Accanto al difficile compito di vegliare il professore, la solitudine:
Maria è una donna abbattuta, ridotta alla sua funzione di badante, appesantita nel fisico e soprattutto la sua vitalità è ormai addormentata, limitata ai ritmi di mera sopravvivenza. In più, lo strappo dall’Italia innesca una messa in discussione dei suoi rapporti prima dati per scontati. Il marito Enzo viene ripensato sulla scorta degli ultimi eventi, del tracollo finanziario, del suo desiderio di deresponsabilizzarsi; i figli sono ritenuti degli ingrati, egoisti, interessati principalmente agli introiti della madre. Ma qual è veramente la situazione? Caria non si accontenta di dar voce a Maria (e con quanta sensibilità si cala nella mentalità femminile!), ma intervalla qui e là la cascata di pensieri, immaginazioni e azioni della protagonista con spaccati narrativi che, in terza persona, presentano la situazione romana di Enzo e dei ragazzi.

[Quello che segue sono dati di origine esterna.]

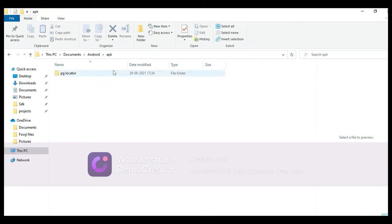Hi, welcome to CodeChapi. Today we're going to see the demo for PG Locator using Android Studio.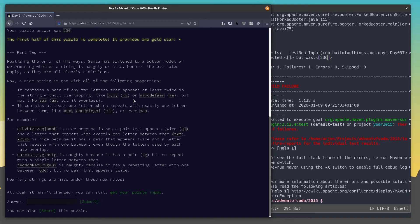Realizing the error of his ways, Santa has switched to a better model of determining whether a string is naughty or nice. None of the old rules apply — as they are clearly ridiculous. Now a nice string is one with all of the following properties: it contains a pair of any two letters that appear at least twice in the string without overlapping, and it contains at least one letter which repeats with exactly one letter between them. That's totally not ridiculous at all. There are sample data again — let's add them to our test case.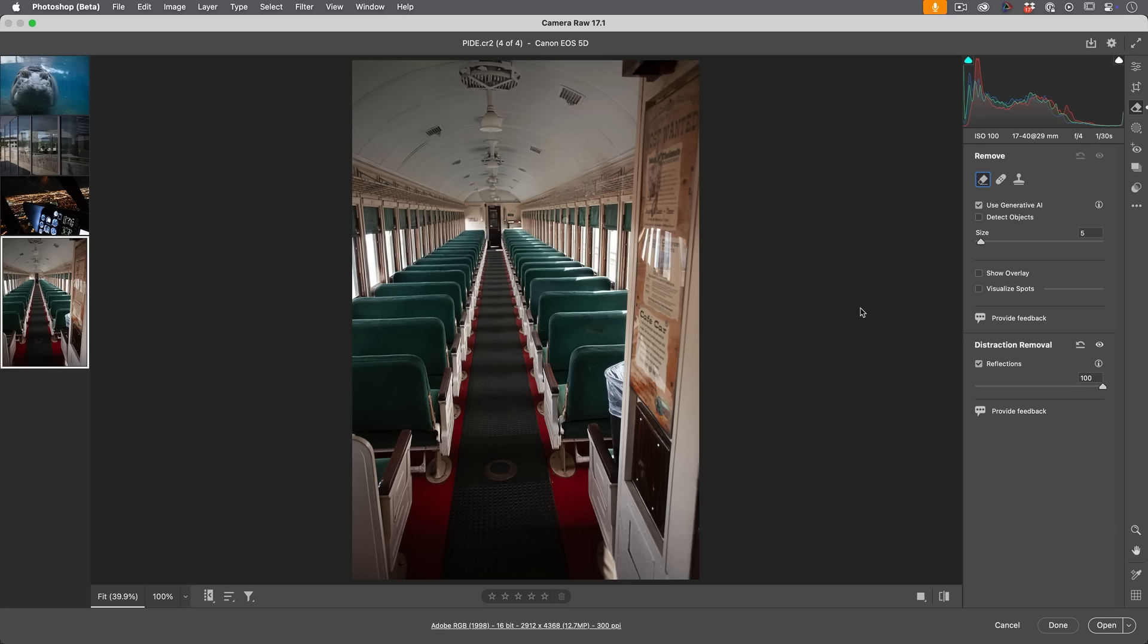So currently, right now, it's only in the Camera. It only works on raw, but Adobe have said that they're working on supporting other formats such as JPEG, PNG, and they are also working at getting this into Lightroom pretty soon.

Opera strutturalmente calibratissima, tra flashback, pensieri monologanti, stringhe di riflessione e dialoghi essenziali, densa e angosciante per la carica d’umanità, affronta dall’interno anche il problema del rapporto italiani-rumeni, ribaltando le prospettive a cui siamo abituati: è un’italiana a varcare il confine rumeno, ad affrontare il problema della lingua e di una cultura straniera. Accanto alla solitudine, infatti, il tema dell’esclusione è continuamente presente, nelle sfaccettature più varie: esclusione dalla vita (il professore), dagli affetti (Maria, il marito e i ragazzi), dalla comunità straniera (né la famiglia del professore né gli altri sembrano interessati ad aiutare Maria nell’integrazione, a cominciare dal divario linguistico). Sfociando nel dramma psicologico ed esistenziale, il romanzo di Caria si inserisce nel numero esiguo di quei libri che vorremmo far conoscere e regalare a chi amiamo. Per aprire le proprie visuali, per emozionarsi, per rabbrividire e, a libro terminato, per riflettere ancora.